In panic and with little hope, they found themselves ushered in quietly and quickly diagnosed with a strange new disease called “Syndrome K,” a version of Koch disease. They were placed into “quarantine” and put behind closed doors.

Of course, there is no such thing as Syndrome K. Ironically, it was called Syndrome K as shorthand for General Albert Kesselring who was the local commander of the German army which was hunting Jewish people throughout the area. Obviously, it wasn’t long before the Nazis came to search the hospital for Jews but as they approached the hallway where the hidden remained behind closed doors, the doctors instructed those in hiding to cough as loud as possible and that way the Nazis wouldn’t approach for fear of contagion.

It worked. The Nazis wanted no part of that hallway and walked away quickly.

One of the doctors responsible for this deceit was Catholic surgeon Giovani Borromeo.

Borromeo’s father had been a doctor and Giovanni sought to follow suit. He studied medicine at the University of Rome until he was drafted to serve in World War I where he earned a bronze medal. He later received his medical degree. According to his son, Giovanni was not permitted to rise high in the ranks in the medical field because of his refusal to join the Fascist Party. So he worked at the Hospital Faebenefratelli, where he rose to become the director.

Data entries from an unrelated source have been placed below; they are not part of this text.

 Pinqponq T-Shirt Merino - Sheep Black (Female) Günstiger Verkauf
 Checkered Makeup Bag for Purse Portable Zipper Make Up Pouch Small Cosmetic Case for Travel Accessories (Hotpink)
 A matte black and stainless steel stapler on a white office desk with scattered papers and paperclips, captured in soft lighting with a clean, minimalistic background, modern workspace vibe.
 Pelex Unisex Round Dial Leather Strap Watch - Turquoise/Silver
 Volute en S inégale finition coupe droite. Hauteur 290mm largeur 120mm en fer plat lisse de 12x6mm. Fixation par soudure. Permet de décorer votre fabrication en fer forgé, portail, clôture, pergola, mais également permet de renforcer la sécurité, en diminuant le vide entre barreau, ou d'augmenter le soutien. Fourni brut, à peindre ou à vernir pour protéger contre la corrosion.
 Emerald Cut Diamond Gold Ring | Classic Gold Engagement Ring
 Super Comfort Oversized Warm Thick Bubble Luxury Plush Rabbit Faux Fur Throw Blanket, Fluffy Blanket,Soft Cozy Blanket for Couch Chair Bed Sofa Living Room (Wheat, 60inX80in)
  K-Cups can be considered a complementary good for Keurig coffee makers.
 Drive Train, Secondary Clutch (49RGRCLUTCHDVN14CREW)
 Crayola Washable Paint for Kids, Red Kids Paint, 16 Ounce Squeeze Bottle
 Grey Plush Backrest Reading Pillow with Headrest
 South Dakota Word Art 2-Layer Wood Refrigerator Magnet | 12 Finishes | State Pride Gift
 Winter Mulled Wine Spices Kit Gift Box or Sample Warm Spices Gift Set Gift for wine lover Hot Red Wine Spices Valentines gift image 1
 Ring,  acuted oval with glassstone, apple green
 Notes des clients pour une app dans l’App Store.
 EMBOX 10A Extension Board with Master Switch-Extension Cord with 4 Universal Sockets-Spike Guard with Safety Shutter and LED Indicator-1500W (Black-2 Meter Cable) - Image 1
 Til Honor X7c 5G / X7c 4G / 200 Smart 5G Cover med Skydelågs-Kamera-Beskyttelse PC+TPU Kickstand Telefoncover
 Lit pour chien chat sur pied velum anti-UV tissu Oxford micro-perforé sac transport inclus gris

When one looks upon such things in hindsight, it seems like God was putting Giovanni exactly where He needed him.

There are many things to consider about this amazing act. Giovanni Borromeo was married and had three children. All were young in age at the time of the Nazis attempting to round up Jews. In fact, his youngest was born that very year. It’s likely that Giovanni clearly understood the consequences of protecting Jews from the Nazis. Kesselring had actually issued an order promising indemnity to soldiers who “exceed our normal restraint” in stamping out resistance. Borromeo had every reason in the world not to resist. He had every reason in the world to close the doors of the hospital to the Jews. But he said “Yes.” He showed love to those in need of protection, even at the risk of his own life, never mind his career.

Another amazing thing is that it would’ve just taken one person on staff to tell the Nazis but nobody did.

This hadn’t been the first time Borromeo was complicit in protecting Jews. In fact, one of the the young doctors on staff at the hospital named Vittorio Emanuele Sacerdoti was a Jew working under a false name. Sacerdoti was the nephew of one of Borromeo’s teachers at medical school. Sacerdoti described Dr. Borromeo simply as a “very Catholic man.”  When this story came to light years later, it was he who suggested that it had been Borromeo’s idea to call the disease “Syndrome K.”

The hospital was later given the title ‘House of Life’ by the International Raoul Wallenberg Foundation, for its efforts to save dozens of Jews during the Nazi persecution in Rome. Borromeo died at the Fatebenefratelli hospital in August 1961.

After the war, he was awarded a silver Medal of Civil Valor and, four decades after his death, was recognized “Righteous among the Nations” by Yad Vashem.